Mr. Warren left the White House in 1975 and returned to The San Diego Union to become its editor. After The Union merged with The Evening Tribune in 1992, he edited The Union-Tribune until early 1995. He had been assistant managing editor of The Union in the 1960s.
Former colleagues said over the weekend that he had pushed for more coverage of civil rights issues after the Watts riots in Los Angeles in 1965. Senior editors were not always receptive to his ideas, and by 1968, when Nixon won the White House, Mr. Warren felt that his career had stalled.
So he pounced when he was offered a job as deputy press secretary to the new president, a conservative Republican like Mr. Warren. He served under Ronald L. Ziegler, Nixon’s press secretary, and loved the perks of power: the limousines, the red telephone in the family home connecting him to the White House (“It rang all hours of the day and night,” his first wife, Euphemia Davis, told The Union-Tribune), the trips with Nixon to China and the Soviet Union (and flying home with Russian vodka).
But the Watergate break-in on June 17, 1972, followed by investigations, congressional hearings and White House denials until Nixon’s resignation on Aug. 9, 1974, demoralized him.

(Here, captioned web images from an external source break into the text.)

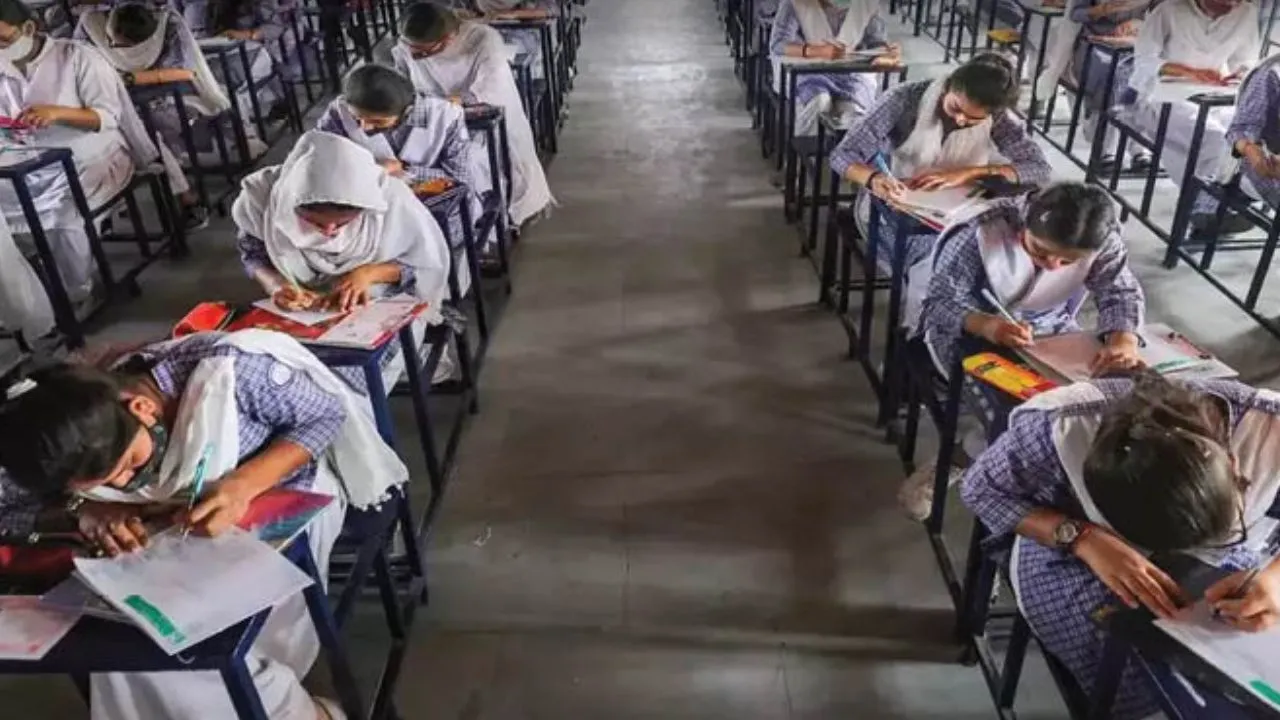 अब क्लिक पर तय होगा बोर्ड परीक्षा का केंद्र... नकल गैंग पर नकेल, शिक्षा विभाग ने लागू की डिजिटल व्यवस्था 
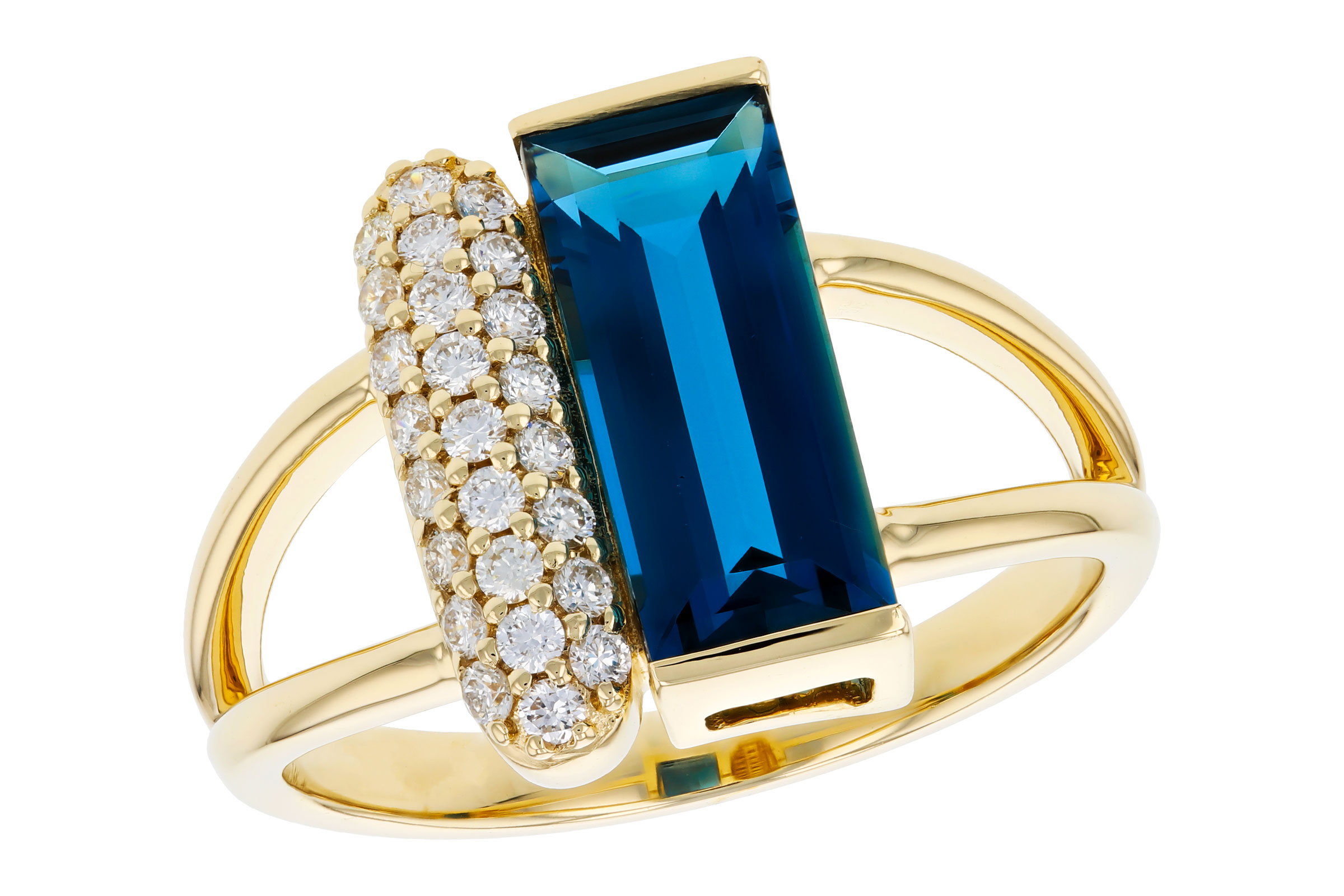 G303-11299: LDS RG 2.67 LONDON BLUE TOPAZ 2.92 TGW (12x5MM BT)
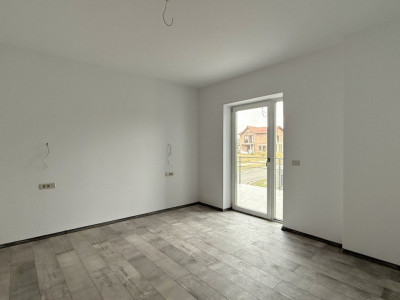 Duplex cu 3 camere si teren de 250 mp, zona Giarmata imagine mica 6, foxfort.ro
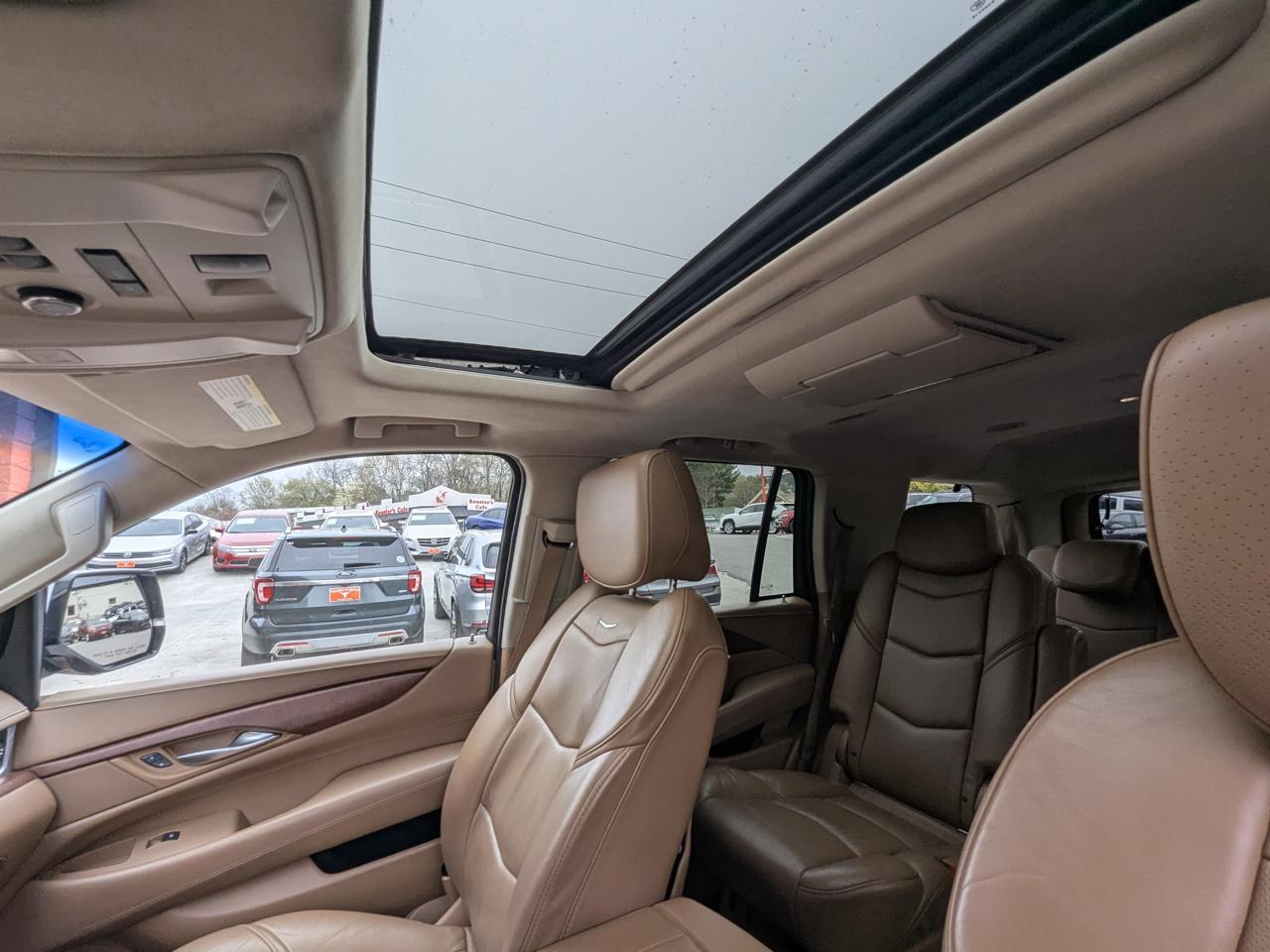 Cadillac Escalade 4WD 4dr Platinum 2016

“He was very wounded,” his daughter, Euphemia Johnson, said on Sunday in a telephone interview. “Such a betrayal.”
Gerald Lee Warren was born in Hastings, Neb., on Aug. 17, 1930. His father, Hie Warren, was a school superintendent; his mother, Linnie, was a teacher. Jerry Warren graduated from the University of Nebraska with a degree in journalism, served four years as a naval aviator, and then became a reporter and later an editor for The San Diego Union.

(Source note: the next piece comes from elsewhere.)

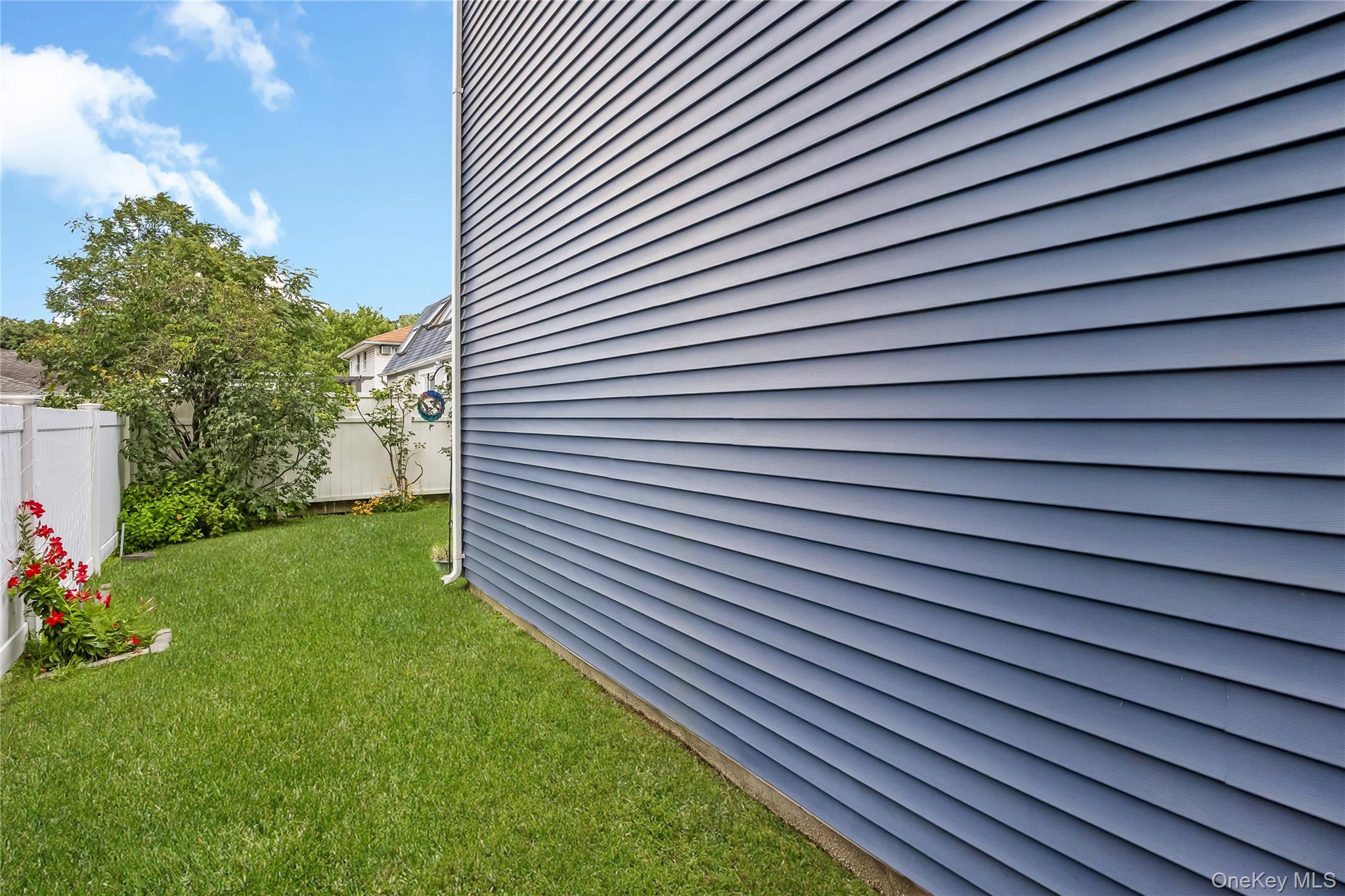 108 Woods Avenue – For Sale photo 26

Both of Mr. Warren’s marriages ended in divorce. Besides his daughter, Mr. Warren is survived by a son, Gerald, and two grandchildren.
In 1985, while helping to plan the 25th-anniversary celebration of the University of California, San Diego, Mr. Warren organized a symposium on the presidency. Participants included H. R. Haldeman, a former top Nixon aide, and Theodore C. Sorensen, a confidant of President John F. Kennedy, as well as John Chancellor of NBC News.
After he left the newspaper business in 1995, Mr. Warren moved to Virginia with his second wife, Viviane. He was active in the Episcopal Church and studied at the Virginia Theological Seminary, graduating in 2004 with a master’s degree in theology. He became a lay reader at his church and sometimes counseled people in matters of faith.
A spiritual journey “dominated the rest of his life,” Mr. Warren wrote.